Items listed in a dataset
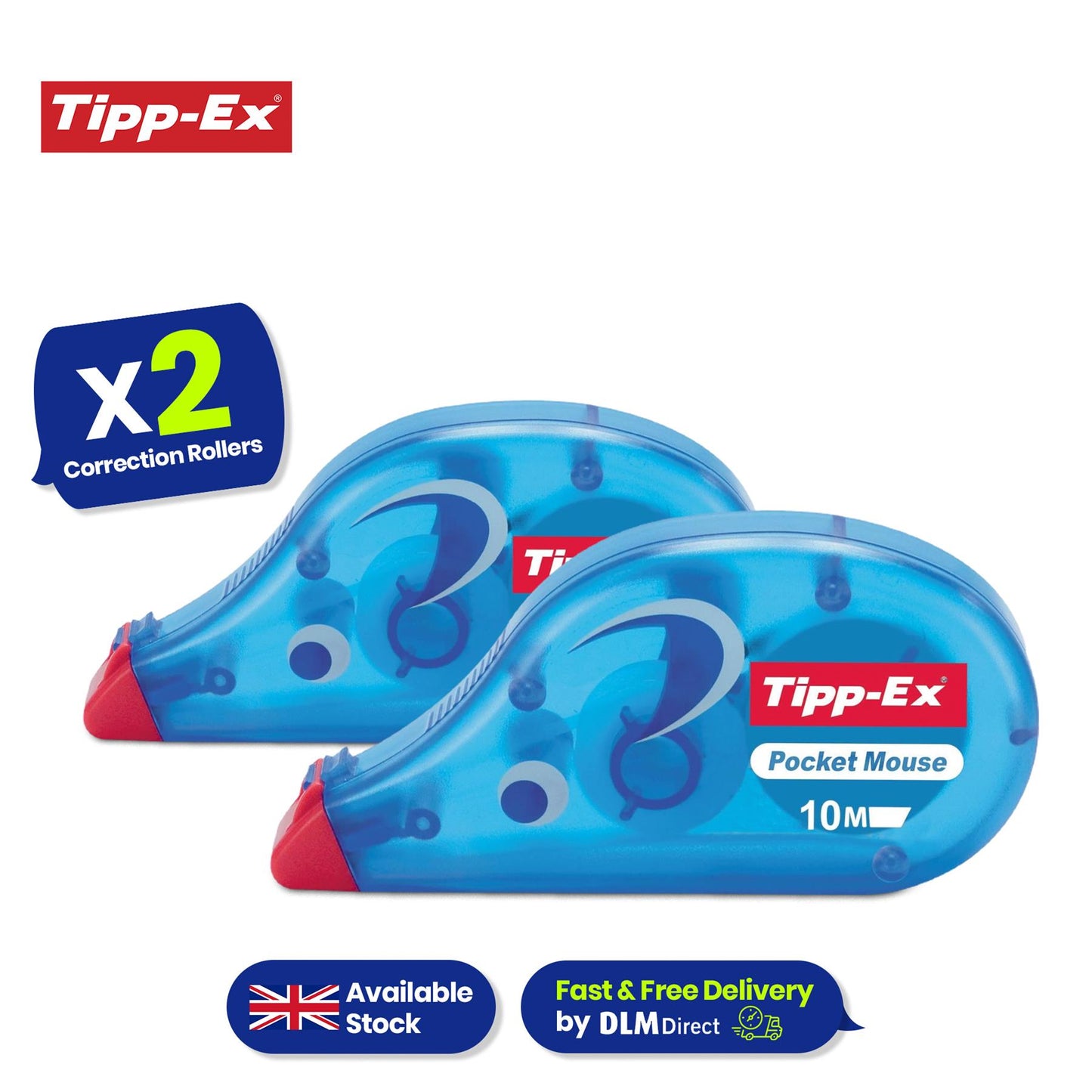 Bic Cristal Pack of 10 Assorted + Tipp-Ex Pocket Mouse Correction Tape Roller 4.2mm x 10m- Pack of 2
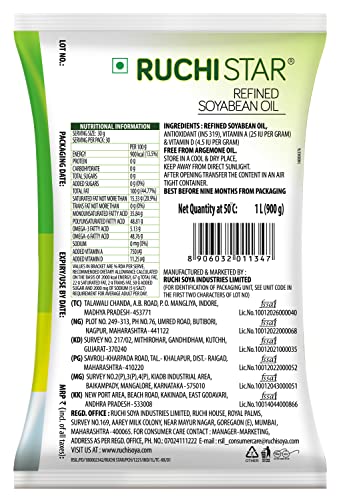 Image of Ruchi Star Refined Soyabean Oil 1 L Pouch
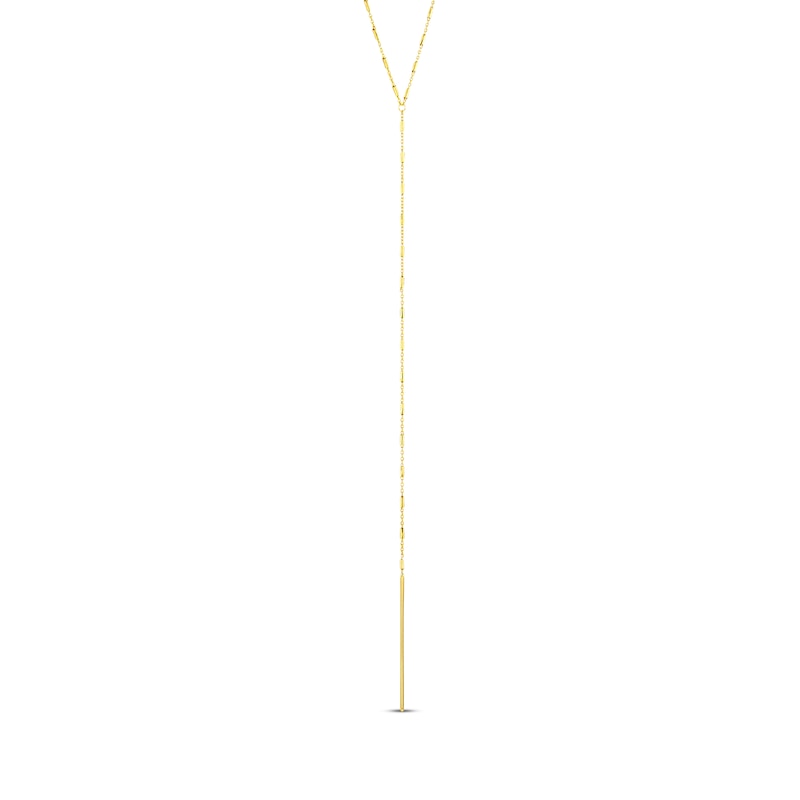 Main Image 2 of Bead Station Lariat Bar Drop Necklace 14K Yellow Gold 18&quot;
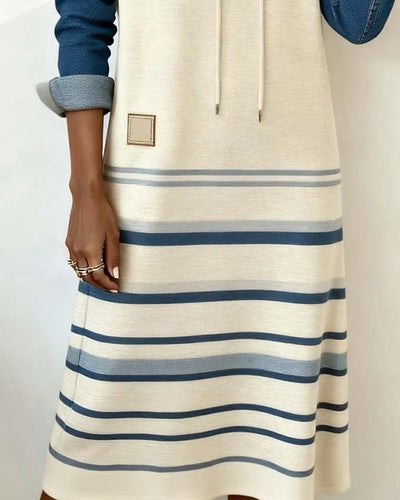 Margaret – Striped cotton-blend dress for cozy autumn days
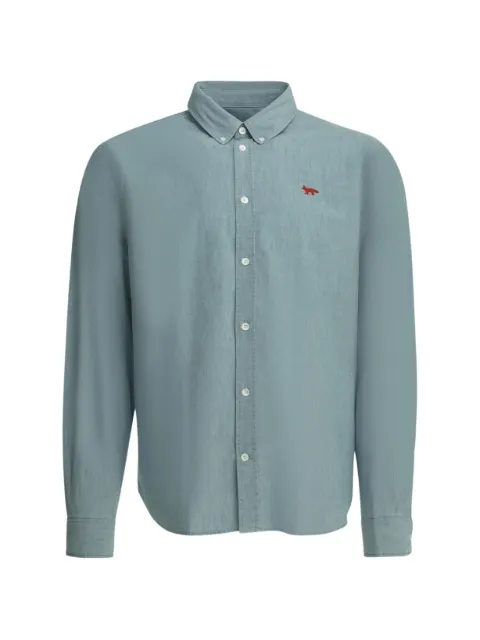 Maison Kitsuné pocket embroidered shirt Blue QM00426WC5006
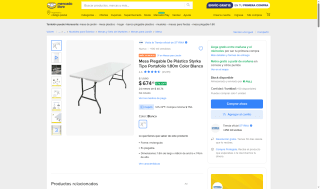 Mesa Plegable Styrka 1.80m por $674 | Oferta Mercado Libre
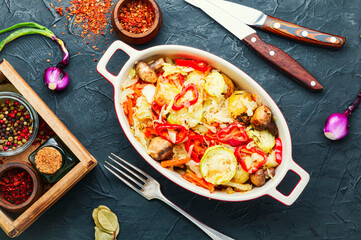 Vegetable saute in baking dish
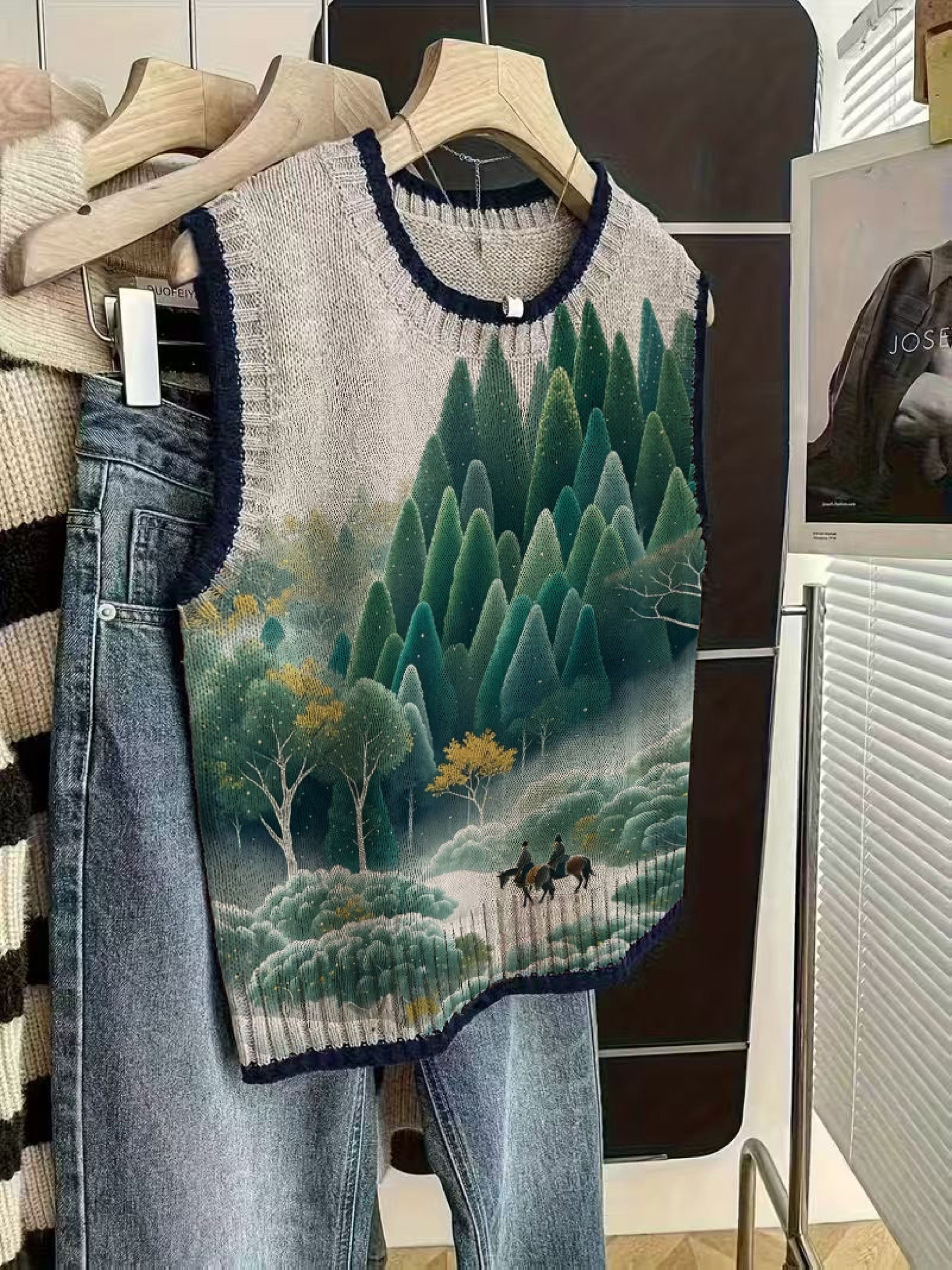 Landscape Art Knit Vest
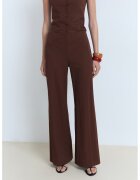 MANGO Pantaloni cu croiala ampla si model uni - Maro inchis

TASK
Give the data again exactly as written, with no pictures included.

EXERCISE OUTPUT
 Bic Cristal Pack of 10 Assorted + Tipp-Ex Pocket Mouse Correction Tape Roller 4.2mm x 10m- Pack of 2
 Image of Ruchi Star Refined Soyabean Oil 1 L Pouch
 Main Image 2 of Bead Station Lariat Bar Drop Necklace 14K Yellow Gold 18&quot;
 Margaret – Striped cotton-blend dress for cozy autumn days
 Maison Kitsuné pocket embroidered shirt Blue QM00426WC5006
 Mesa Plegable Styrka 1.80m por $674 | Oferta Mercado Libre
 Vegetable saute in baking dish
 Landscape Art Knit Vest
 MANGO Pantaloni cu croiala ampla si model uni - Maro inchis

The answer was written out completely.